From 2001-2003, he was a Senior Research Associate at Focus on the Global South, living in Asia for most of 2001 and traveling extensively throughout the region. He is currently a member, Industry Studies Community, Affiliate of the Alfred P. Sloan Industry Studies Program, Committee for Industry Studies. He has been a Visiting Assistant Professor, Department of Sociology, Boston College.
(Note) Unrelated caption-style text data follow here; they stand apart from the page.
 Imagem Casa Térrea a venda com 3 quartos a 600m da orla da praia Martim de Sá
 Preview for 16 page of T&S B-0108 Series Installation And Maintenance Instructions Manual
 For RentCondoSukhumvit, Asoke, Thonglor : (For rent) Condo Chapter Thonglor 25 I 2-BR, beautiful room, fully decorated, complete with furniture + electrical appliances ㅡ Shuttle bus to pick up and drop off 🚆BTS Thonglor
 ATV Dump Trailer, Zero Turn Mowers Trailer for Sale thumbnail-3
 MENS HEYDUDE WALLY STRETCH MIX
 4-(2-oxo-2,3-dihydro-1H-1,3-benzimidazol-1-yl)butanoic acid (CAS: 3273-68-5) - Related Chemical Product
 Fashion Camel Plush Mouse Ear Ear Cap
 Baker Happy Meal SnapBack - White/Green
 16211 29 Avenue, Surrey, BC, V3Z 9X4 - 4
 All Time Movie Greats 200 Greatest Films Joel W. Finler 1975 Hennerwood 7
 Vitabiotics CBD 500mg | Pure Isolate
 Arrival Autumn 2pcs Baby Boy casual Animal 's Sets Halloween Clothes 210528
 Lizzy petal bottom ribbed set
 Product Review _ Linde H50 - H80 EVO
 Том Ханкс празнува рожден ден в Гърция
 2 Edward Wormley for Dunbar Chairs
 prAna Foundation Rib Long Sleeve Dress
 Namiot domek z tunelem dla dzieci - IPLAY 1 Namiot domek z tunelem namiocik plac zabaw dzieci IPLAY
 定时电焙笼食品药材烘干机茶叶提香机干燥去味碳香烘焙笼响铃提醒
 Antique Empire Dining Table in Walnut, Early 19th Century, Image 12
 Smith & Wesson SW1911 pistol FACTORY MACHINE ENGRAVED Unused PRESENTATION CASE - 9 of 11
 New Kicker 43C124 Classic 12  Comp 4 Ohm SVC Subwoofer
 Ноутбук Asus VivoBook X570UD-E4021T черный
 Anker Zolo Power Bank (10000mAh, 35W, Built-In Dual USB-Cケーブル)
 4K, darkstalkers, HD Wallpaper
He has also been a long-time activist in the anti-nuclear movement, as well as a rank and file trade union activist. He was an organizer for District 65/UAW and was twice elected President of the Graduate Student Employees Union/Communication Workers of America, Local 1188, at the State University of New York (representing 4,000 persons), in which capacity he helped found and led the Citizens Mobilization to Save New York, a coalition of some 60 different community and labor organizations dedicated to fighting cuts to the state budget and restoring essential services for health, education and human welfare. Earlier he served as the National Student Organizer for the Committee in Solidarity with the People of El Salvador (CISPES), where was on the student subcommittee for the National Mobilization for Peace & Justice in Central America & Southern Africa, which held massive demonstrations in Washington, D.C. and San Francisco on April 27, 1987. He has been active in a wide variety of social movements and publishes widely on global peace and social justice issues.

Books

Bruce Podobnik and Thomas Reifer, editors, Transforming Globalization: Challenges and Opportunities in the Post 9/11 Era, Series, Studies in Critical Social Science, Brill Academic Press, 2005.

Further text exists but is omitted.